Exercise data –
═══

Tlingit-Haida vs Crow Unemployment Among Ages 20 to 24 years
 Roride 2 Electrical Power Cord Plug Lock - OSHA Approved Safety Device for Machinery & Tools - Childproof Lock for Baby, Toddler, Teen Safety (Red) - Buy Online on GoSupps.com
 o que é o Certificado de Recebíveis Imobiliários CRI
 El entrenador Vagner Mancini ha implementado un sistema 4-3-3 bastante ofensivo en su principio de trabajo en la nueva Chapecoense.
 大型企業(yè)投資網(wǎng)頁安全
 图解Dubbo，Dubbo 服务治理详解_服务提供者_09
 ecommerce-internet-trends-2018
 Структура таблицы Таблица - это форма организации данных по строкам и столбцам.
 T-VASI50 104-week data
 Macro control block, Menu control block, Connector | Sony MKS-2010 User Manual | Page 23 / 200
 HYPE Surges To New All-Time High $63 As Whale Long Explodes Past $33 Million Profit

═══

What to produce – Retype, exactly as written, each line from the one containing "Roride 2 Electrical" through the last line of the listing above, and leave out all other lines.

Response to the exercise –
 Roride 2 Electrical Power Cord Plug Lock - OSHA Approved Safety Device for Machinery & Tools - Childproof Lock for Baby, Toddler, Teen Safety (Red) - Buy Online on GoSupps.com
 o que é o Certificado de Recebíveis Imobiliários CRI
 El entrenador Vagner Mancini ha implementado un sistema 4-3-3 bastante ofensivo en su principio de trabajo en la nueva Chapecoense.
 大型企業(yè)投資網(wǎng)頁安全
 图解Dubbo，Dubbo 服务治理详解_服务提供者_09
 ecommerce-internet-trends-2018
 Структура таблицы Таблица - это форма организации данных по строкам и столбцам.
 T-VASI50 104-week data
 Macro control block, Menu control block, Connector | Sony MKS-2010 User Manual | Page 23 / 200
 HYPE Surges To New All-Time High $63 As Whale Long Explodes Past $33 Million Profit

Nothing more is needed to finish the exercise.